WASHINGTON, March 11 (Reuters) - U.S. spy agencies will publicly celebrate their lesbian, gay, bisexual and transgender employees and encourage new LGBT recruits at the South by Southwest festival in Austin, Texas next week, the office of the Director of National Intelligence (ODNI) said on Friday.

In a presentation titled "America's LGBT Spies: Secret Agents of Change," three serving intelligence officers will describe their own experiences as publicly gay individuals working for agencies once known for clannishness, paranoia and bigotry.

While individual spy agencies have sometimes made presentations or statements publicly welcoming gay employees, next week's presentation will be the first time the U.S. intelligence community as a whole will do so.

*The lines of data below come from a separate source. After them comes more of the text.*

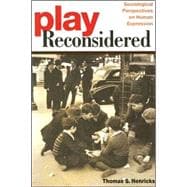 Play Reconsidered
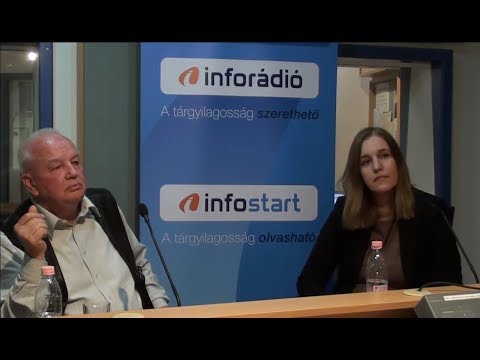 InfoRádió - Aréna - Molnár Anna és Szomráky Béla - 1. rész - 2019.02.26.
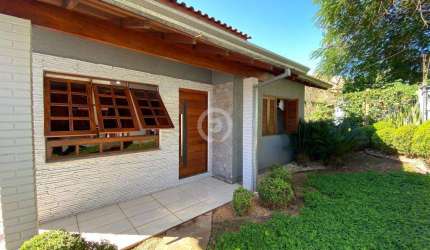 Casa à venda em Estância Velha, Encosta do Sol, com 2 quartos, com 129 m²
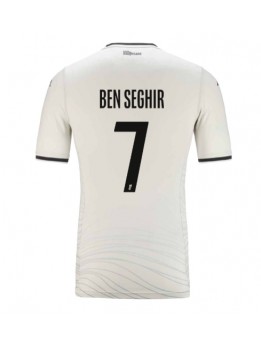 AS Monaco Eliesse Ben Seghir #7 Replika Tredje Kläder 2024-25 Kortärmad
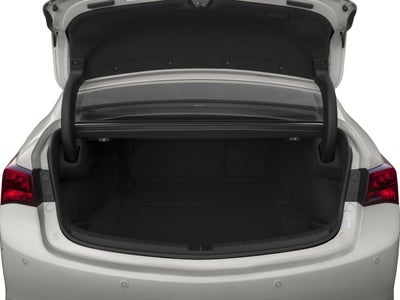 2016 Acura TLX FWD V6 Advance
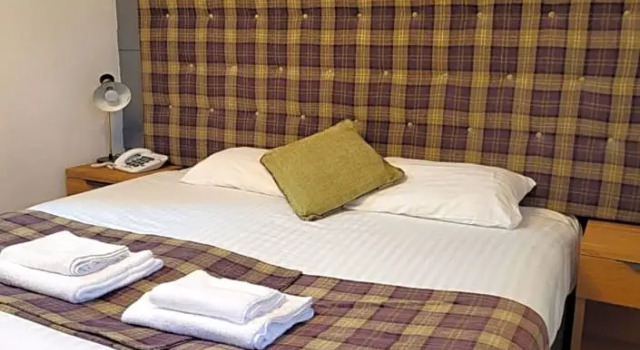 Коттедж Royal Dunkeld Hotel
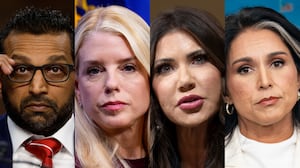 Kash-Bondi-Noem-Tulsi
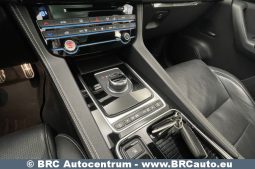 Jaguar F-Pace S 3.0i V6 Supercharged AWD Automatas 2018 full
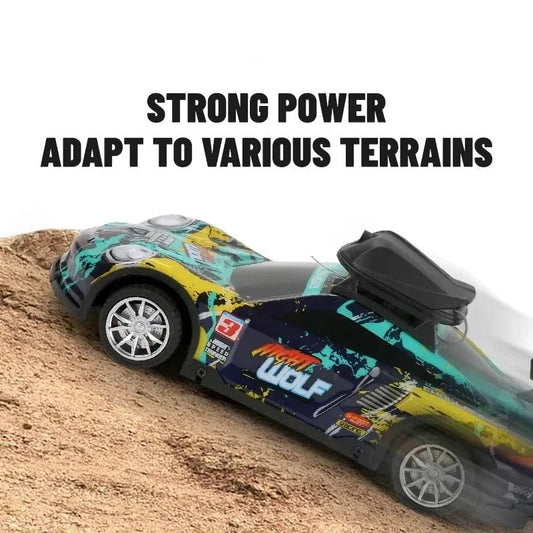 RC Racing Car with Live Video Camera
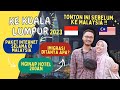 VLOG LIBURAN KE KUALA LUMPUR MALAYSIA 2023 | Syifa Kenedi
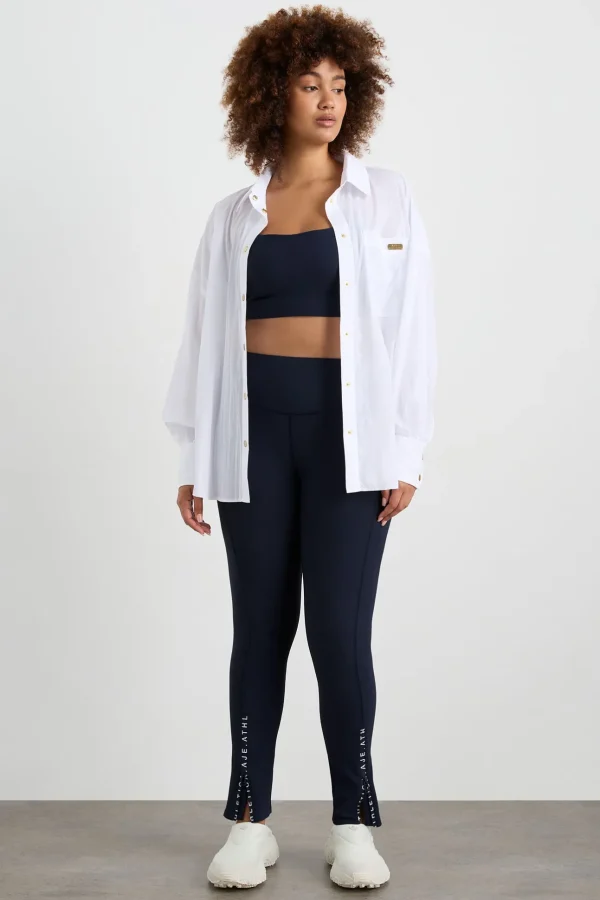 Elastic Spray Windbreaker 430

In a circular promoting next week's event, ODNI said that in years past spies were "forced to stay closeted to keep their jobs," but over the years employees' "personal struggles and pioneering efforts ... have paved the way for a culture of inclusion."

The circular says the current director of national intelligence, retired General James Clapper, is "a self-declared LGBT ally." While Clapper himself will not attend the Austin event, it will be introduced by Stephanie O'Sullivan, Clapper's principal deputy.

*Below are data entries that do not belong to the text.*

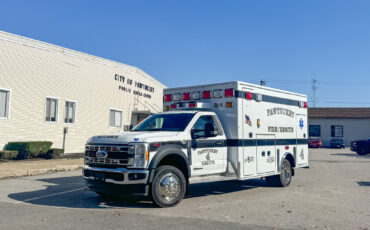 Pawtucket Fire/Rescue takes delivery of Medix T-1 MSV-II 170″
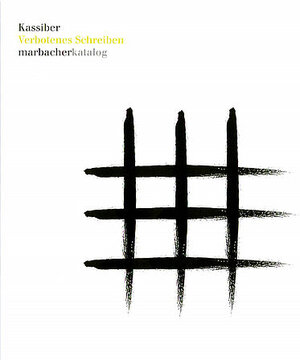 Buchcover Kassiber | Heike Gfrereis | EAN 9783937384832 | ISBN 3-937384-83-9 | ISBN 978-3-937384-83-2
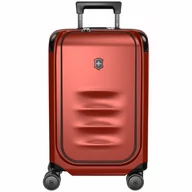 Walizki - Victorinox Spectra 3.0 4 kółka Walizka kabinowy 55 cm Komora na laptopa red - miniaturka - grafika 1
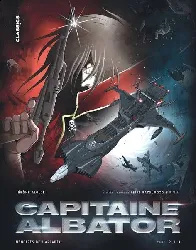 livre capitaine albator mémoires de l'arcadia tome 2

In her opening remarks, O'Sullivan is planning to note that the public embrace of LGBT rights and employees by U.S. spy agencies follows a declaration by Stonewall, a leading British gay rights group, that rated MI5, Britain's ultra-secretive domestic intelligence service as the UK's most gay-friendly employer.

In a telephone interview with Reuters on Friday, Katrina Gossman, a senior FBI special agent in the science and technology branch of ODNI, said that in 2004 she became the first FBI employee to marry her partner under Massachusetts' gay marriage law. She said the FBI initially extended her and her partner full marriage benefits, only to rescind them because of a bill passed by Congress.

But Gossman, who led FBI efforts to handle and analyze key video evidence collected at the scene of the Boston Marathon bombing, said she helped to change the FBI's internal policies and eventually the law that interfered with her and her partners' benefits was rescinded.

Other speakers at the Austin conference will be Kris Gill, an official of the National Geospatial-Intelligence Agency (NGA), and Tracey Ballard, a 30-year Central Intelligence Agency veteran. Ballard, who said little about her work, said she had come out and been accepted at the CIA as long ago as 1988. (Reporting by Mark Hosenball; Editing by David Rohde, Kevin Drawbaugh and Steve Orlofsky)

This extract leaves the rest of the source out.